Orion Client Python API Examples

Basics

Interactions with Orion resources are done through an OrionSession, which handles the authentication and network requests necessary to communicate with the Orion API.

Retrieving Resources

OrionSession provides two ways of retrieving resources, the first is list_resources() and other is get_resource(). list_resources() provides objects that can be partially incomplete and refresh_resource() must be called on the object to ensure a complete object. The following is an example demonstrating how objects can be incomplete.

# Import the pre-constructed session
from orionclient.session import APISession
from orionclient.types import WorkFloeSpec

for workfloe in APISession.list_resources(WorkFloeSpec):
    # Verify that the specification is an empty dictionary
    assert len(workfloe.specification) == 0
    # Refresh the resource to ensure that the object has complete information
    APISession.refresh_resource(workfloe)
    assert len(workfloe.specification) != 0
    break

When listing resources, you can provide filters to reduce the results that you get back.

# Import the pre-constructed session
from orionclient.session import APISession
from orionclient.types import WorkFloeSpec

filters = {"name": "omega"}
# Get all workfloes where the name contains "omega"
for workfloe in APISession.list_resources(WorkFloeSpec, filters=filters):
    print(workfloe.name)

Links

Links are a way to link Orion resources to Data Records.
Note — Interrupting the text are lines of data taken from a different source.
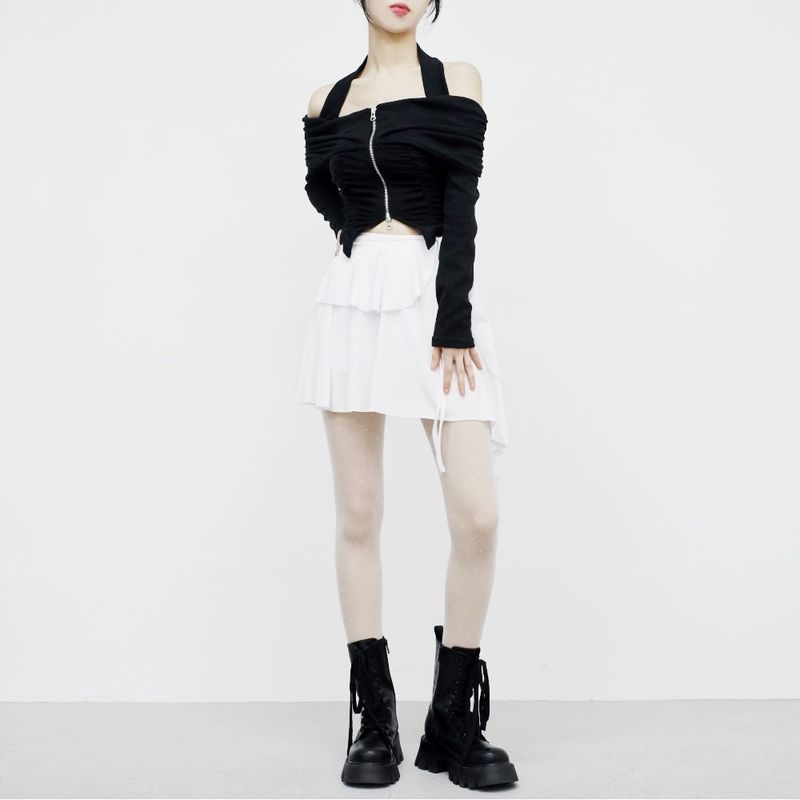 Kehi unbalanced mini skirt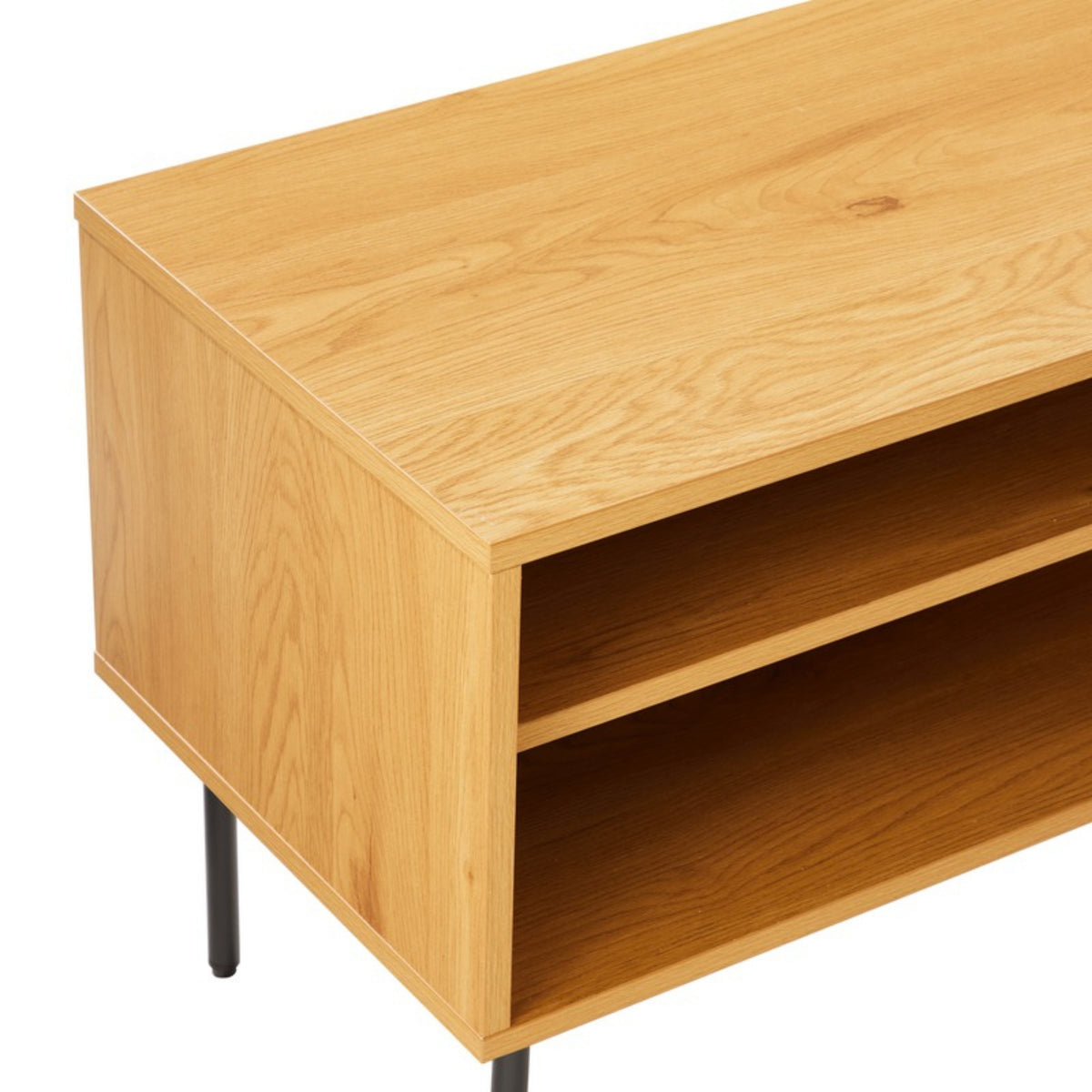 Line 120cm ETU Entertainment TV Unit Oak, close-up of the open shelves
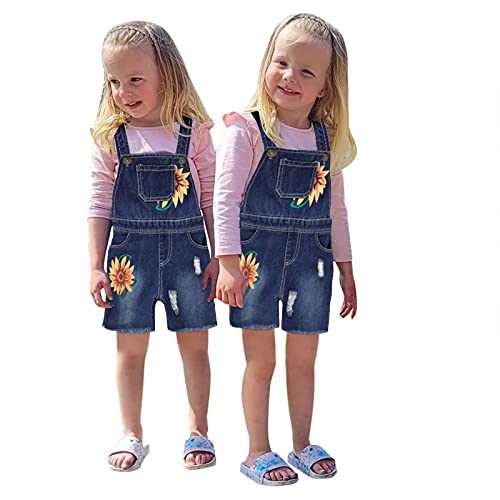 1-5 Jahre Kleinkind Kinder Mädchen Sonnenblumen Overalls Kurze Denim Shorts Kurze Jeans Hosen Mit Tasche Sommerkleidung Outfit Bekleidungssets (Blue #2, 3-4 Years)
Orion Client implements the retrieval of these link objects. Links can be created to point at some Orion Client Types (Datasets, Files, Collections, Shards and Secrets) using create_link() to construct a link object that can be associated with a link field.

The following example is of creating a link to a record field in the case of Docking.

import time

from orionclient.types import Dataset
from drconvert import MolFileConverter
from orionclient.links import RecordLink
from orionclient.session import APISession

# Note: oechem must be imported before OpenEye toolkits
from openeye.oechem import OEMol, OEGraphMol

from datarecord import Types, OEField, OEPrimaryMolField, create_link
from openeye.oedocking import (
    OEDock,
    OEHybrid,
    OEIsReceptor,
    OEReceptorHasBoundLigand,
    OEDockingReturnCode_Success,
)

# Upload the receptor dataset, as linked records must exist in
# Orion prior to linking
receptor_ds = Dataset.upload(APISession, "receptors", "rec1a28.oeb.gz")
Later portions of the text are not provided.